Where was this 7 months ago? LOL! Very funny.
Actually I have to correct myself - where was this 16 months ago (gotta count the pregnancy too)
That was funny!
@MissJessicaClaramarie33@xanga - Well,I guess that's why I've always enjoyed being an Uncle!!You can play with them until you get tired,then give em'back to Mom and Dad when you've had enough!!!
@ShanghaiJohnnyP - Heh.
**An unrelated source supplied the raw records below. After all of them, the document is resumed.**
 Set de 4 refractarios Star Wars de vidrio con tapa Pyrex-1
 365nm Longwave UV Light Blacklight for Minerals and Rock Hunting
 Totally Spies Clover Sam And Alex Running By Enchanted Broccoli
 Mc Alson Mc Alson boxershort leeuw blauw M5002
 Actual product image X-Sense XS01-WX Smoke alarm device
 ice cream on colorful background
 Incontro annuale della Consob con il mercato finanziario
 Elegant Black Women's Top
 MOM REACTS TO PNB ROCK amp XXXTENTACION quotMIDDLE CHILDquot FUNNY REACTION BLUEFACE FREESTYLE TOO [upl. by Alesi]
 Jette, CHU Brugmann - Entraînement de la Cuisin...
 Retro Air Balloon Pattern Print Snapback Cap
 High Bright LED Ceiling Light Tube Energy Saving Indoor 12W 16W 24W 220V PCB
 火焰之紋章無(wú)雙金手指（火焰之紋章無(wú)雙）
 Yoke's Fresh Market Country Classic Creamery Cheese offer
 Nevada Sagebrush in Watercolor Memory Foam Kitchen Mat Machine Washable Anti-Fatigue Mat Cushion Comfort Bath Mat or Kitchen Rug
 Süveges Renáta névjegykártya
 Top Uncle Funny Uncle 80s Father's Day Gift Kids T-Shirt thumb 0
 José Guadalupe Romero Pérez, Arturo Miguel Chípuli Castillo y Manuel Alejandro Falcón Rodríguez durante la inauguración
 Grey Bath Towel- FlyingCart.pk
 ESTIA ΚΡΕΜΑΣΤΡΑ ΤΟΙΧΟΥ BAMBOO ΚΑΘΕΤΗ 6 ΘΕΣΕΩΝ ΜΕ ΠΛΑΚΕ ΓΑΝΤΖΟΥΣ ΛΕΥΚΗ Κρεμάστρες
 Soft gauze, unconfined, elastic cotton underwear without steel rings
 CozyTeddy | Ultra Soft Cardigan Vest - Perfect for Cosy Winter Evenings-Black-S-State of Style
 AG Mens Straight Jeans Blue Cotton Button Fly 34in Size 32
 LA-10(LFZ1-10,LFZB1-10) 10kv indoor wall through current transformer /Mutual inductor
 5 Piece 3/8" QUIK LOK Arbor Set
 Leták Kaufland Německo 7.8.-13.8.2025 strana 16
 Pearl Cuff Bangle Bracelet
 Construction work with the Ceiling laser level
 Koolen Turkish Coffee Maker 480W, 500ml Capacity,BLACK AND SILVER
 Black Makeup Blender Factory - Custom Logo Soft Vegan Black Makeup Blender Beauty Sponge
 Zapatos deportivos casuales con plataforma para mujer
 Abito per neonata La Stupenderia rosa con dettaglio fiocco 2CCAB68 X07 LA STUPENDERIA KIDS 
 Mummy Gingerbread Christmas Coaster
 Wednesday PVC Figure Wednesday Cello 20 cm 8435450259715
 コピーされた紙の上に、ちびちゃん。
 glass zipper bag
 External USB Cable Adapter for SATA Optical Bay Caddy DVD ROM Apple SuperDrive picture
You make a very good point!
@MissJessicaClaramarie33@xanga - TA Bunch Miss JCM!!Hope you have a Happy July 4th!!
haha i like the dressing-the-octopus part :)
@ThunderRoad58@datingish - Anytime; happy fourth to you as well!
&& you have reminded me once more why my husband and I do NOT have children.
LOL
I thoroughly enjoyed that list..thank you!
That just reinforced my fear of having children!!
this makes me wonder if i could ever actually be a good parent..
This is so perfect! =)
I know babysitting isn't the same, but that stuff happens then too. I watched a 4 month old for 3 months, including overnight and when she was sick, and I experienced most of that stuff. And I still want kids. I'm crazy, I know, lol.
I wish I would have read this before I had my, now 18-month-old, son. Haha. It is great to read this, but then they do something so sweet & you realize ALL of this is so worth it. Heh.
The great thing is, I didn't know what Noggin was before I had my son. I could watch it all day with him though. He loves it!
@SexyMaMaShey@xanga - That is soo true and I agree it seems like all these women are making it seem soo glamorous to have kids even though they're kids themselves but then they also wonder why other people are disapproving and not so happy when these young women have kids themselves. Personally, I see nothing glamorous about having a kid if you're broke and don't have money. But other than that I'm definatly waiting because there's soo much I want to do and I definatly want to have some fun in my life. Plus my dad raised me while he was still in college and told me stories hehe so I'm not gonna make the same mistake.
@NotUeberMommy - So you've made it 14 months with no mommy meltdowns?!!? You go girl!!
I think I cried a little bit from the laughter. I can relate all too well. Plus I would love to see the couple without kids actually doing all this stuff.
The cheerios, and the dime in the cd player. hilarious.
hahaha, I love steps 10, 11, 14, 15. so true!!! haha. I don't have any kids of my own... and hopefully won't for 8-10 years... but I babysit a lot and teach a 3-4 year old nursery class at my church... heh. not as intense as being a mother, but still... fun times.